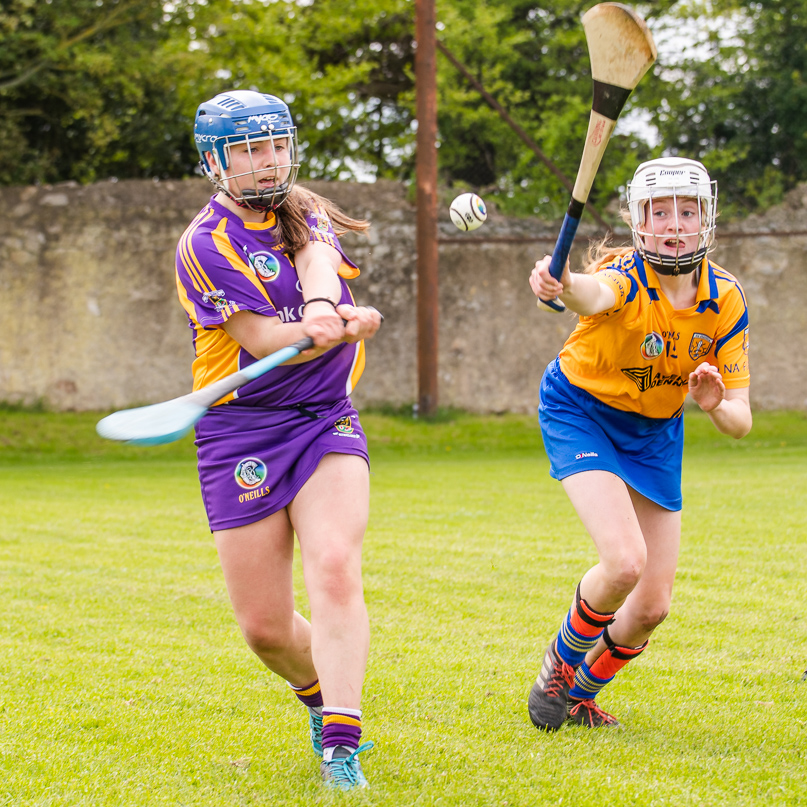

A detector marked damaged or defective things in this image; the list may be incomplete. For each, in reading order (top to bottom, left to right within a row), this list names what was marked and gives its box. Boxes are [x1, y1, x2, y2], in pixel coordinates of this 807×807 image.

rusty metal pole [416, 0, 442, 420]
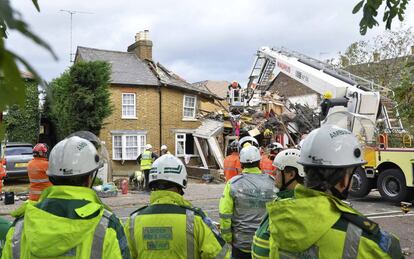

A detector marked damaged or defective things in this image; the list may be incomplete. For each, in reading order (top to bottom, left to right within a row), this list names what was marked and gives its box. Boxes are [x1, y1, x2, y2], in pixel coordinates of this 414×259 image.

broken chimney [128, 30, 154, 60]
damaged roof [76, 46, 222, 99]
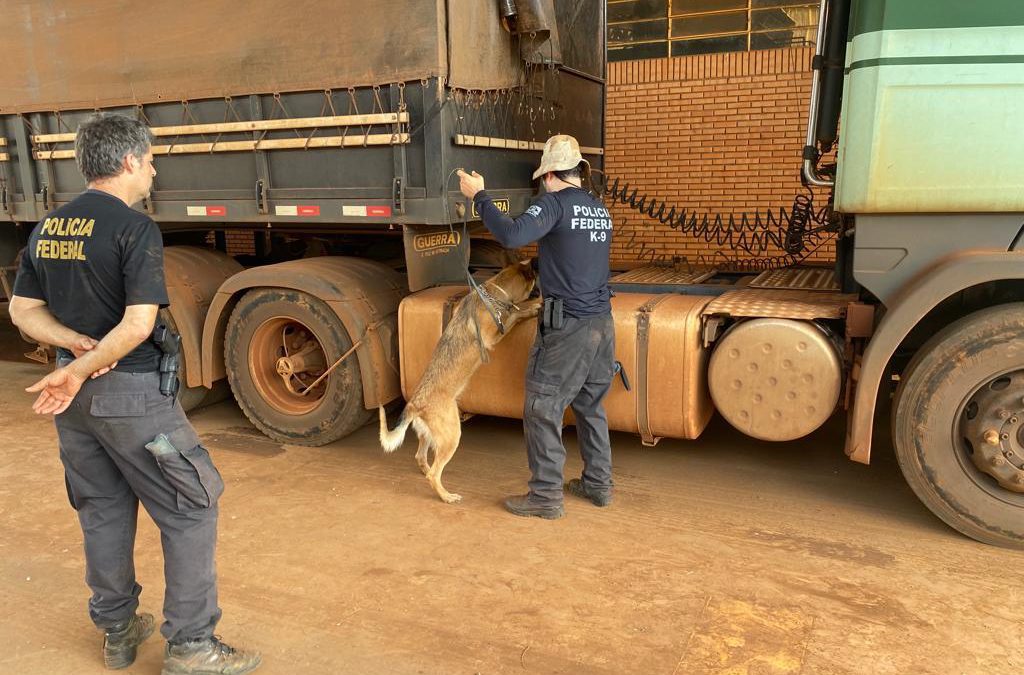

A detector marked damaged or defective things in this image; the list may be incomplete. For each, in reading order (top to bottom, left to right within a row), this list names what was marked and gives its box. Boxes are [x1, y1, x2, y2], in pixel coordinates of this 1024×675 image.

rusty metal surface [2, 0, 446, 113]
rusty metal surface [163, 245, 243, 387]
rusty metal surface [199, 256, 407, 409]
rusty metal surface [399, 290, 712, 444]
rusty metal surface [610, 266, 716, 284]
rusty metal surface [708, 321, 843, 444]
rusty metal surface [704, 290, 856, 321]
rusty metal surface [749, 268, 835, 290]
---
Could you print, exactly and with nothing else, the lines from the one containing "this 1024×675 image." through the last line of the records above?

ANSWER TO THE PROBLEM:
A detector marked damaged or defective things in this image; the list may be incomplete. For each, in reading order (top to bottom, left to right within a row), this list names what was marked and gives its box. Boxes are [x1, y1, x2, y2], in pixel coordinates of this 1024×675 image.

rusty metal surface [2, 0, 446, 113]
rusty metal surface [163, 245, 243, 387]
rusty metal surface [199, 256, 407, 409]
rusty metal surface [399, 290, 712, 444]
rusty metal surface [610, 266, 716, 284]
rusty metal surface [708, 321, 843, 444]
rusty metal surface [704, 290, 856, 321]
rusty metal surface [749, 268, 835, 290]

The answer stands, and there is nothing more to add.